Accroche-toi Jeannot...

« On peut rire de tout, mais pas avec tout le monde. » - Desproges.
L'éloge funèbre de Desproges pour Guy Bedos :

Guy Bedos n’est plus. La France perd le meilleur de ses fils et la rampe le meilleur de ses feux. Que dire du désarroi qui nous broie et de la douleur qui nous noue sinon quand nos cœurs l’un et l’autre cohabitent, pour reprendre le cri d’amour du crapaud. Oui mesdames et messieurs, la France est en deuil et la presse toute entière en témoigne. Hormis le journal l’Humanité qui considère le décès de Bedos comme une manœuvre du gouvernement pour accélérer le processus de compression du personnel du Cirque d’hiver à la rentrée, les locations sont bientôt ouvertes, la presse toute entière dis-je, pleure la perte du plus gouvernemental de nos tourlourous. Tout en déplorant que Bedos eut moins d’humour que Tino Rossi, Lulute Alsida écrit dans Libération, je cite : « Bedos est parti, le froid coup de poing du destin nous atteint en plein hiver, glacé comme un marron. ». Même Minute, où Bedos n’avait pas que des amis c’est vrai, même Minute trouve quelques accents de dignité sous la plume d’Adolphe de Croix de Feu pour exprimer la sincérité de son deuil. Je cite Minute : « Chouchou de l’intelligentsia cosmopolite de l’Avenue Foch, le pétomane pro-palestinien Guy Bedos, né Bedostein, vient de passer l’arme où ça ? À gauche évidemment ! »
Guy Bedos, mesdames et messieurs, n’était pas parfait, mais il avait beau être de gauche on ne m’ôtera pas de l’idée que c’était un honnête homme.

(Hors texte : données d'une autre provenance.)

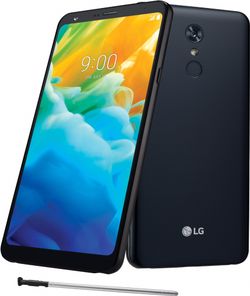 Lg stylo 4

Et puis, Dieu m’écartèle, si possible sous anesthésie générale, qu’y a-t-il de vraiment infamant dans le fait d’être de gauche ? Arguant de sa haine de la Corrida le 27 octobre dernier sur TF1, l’exquise Stéphanie de Monaco s’écriait : « Après tout les taureaux sont des êtres humains comme les autres. » Et à mon tour je pose bien haut la question : et les gens de gauche, ne sont-ils eux pas aussi des êtres humains comme les autres ? Comme le remarquait fort à propos Alphonse Allais, qui n’était pas la moitié d’un con sinon il ne serait pas avant Argenton-sur-Creuse dans le Larousse, l’important n’est pas tant d’être de gauche ou de droite, l’important est d’être de quelque chose, et finalement être de gauche ça vous pose un homme aussi sûrement qu’être de garenne ça vous pose un lapin. Etre de gauche c’est aussi, c’est surtout, savoir se dresser contre les injustices sociales chaque fois que votre calendrier des loisirs vous en laisse le temps, et peu d’humoristes se sont engagés dans cette voie avec autant de cœur que ce comique troupier néo-castriste dont je salue ici la dépouille mortelle, lui qui a toujours pris fait et cause pour ces victimes exsangues du vampirisme capitaliste que sont les masses laborieuses qui vont le dos courbé sous le joug de l’impôt qui leur suce la moelle jusqu’au tréfonds du péritoine les rendant incapables de joindre les deux bouts pour en faire un seul nœud ! Les injustices sociales ne sont plus tolérables. Guy Bedos, Dieu ait son âme, et moi-même, Dieu lâche la mienne, en avions pleinement pris conscience. Parfois mesdames et messieurs j’ai honte d’être un nanti, et pas seulement un antisémite. Mais un nanti tout court. Quand je pense, rendez-vous compte qu’en une soirée il m’arrive de gagner l’équivalent de trois mois de salaire d’un ouvrier alors que de son vivant Guy Bedos gagnait l’équivalent de six mois de salaire d’un cadre supérieur. J’ai honte.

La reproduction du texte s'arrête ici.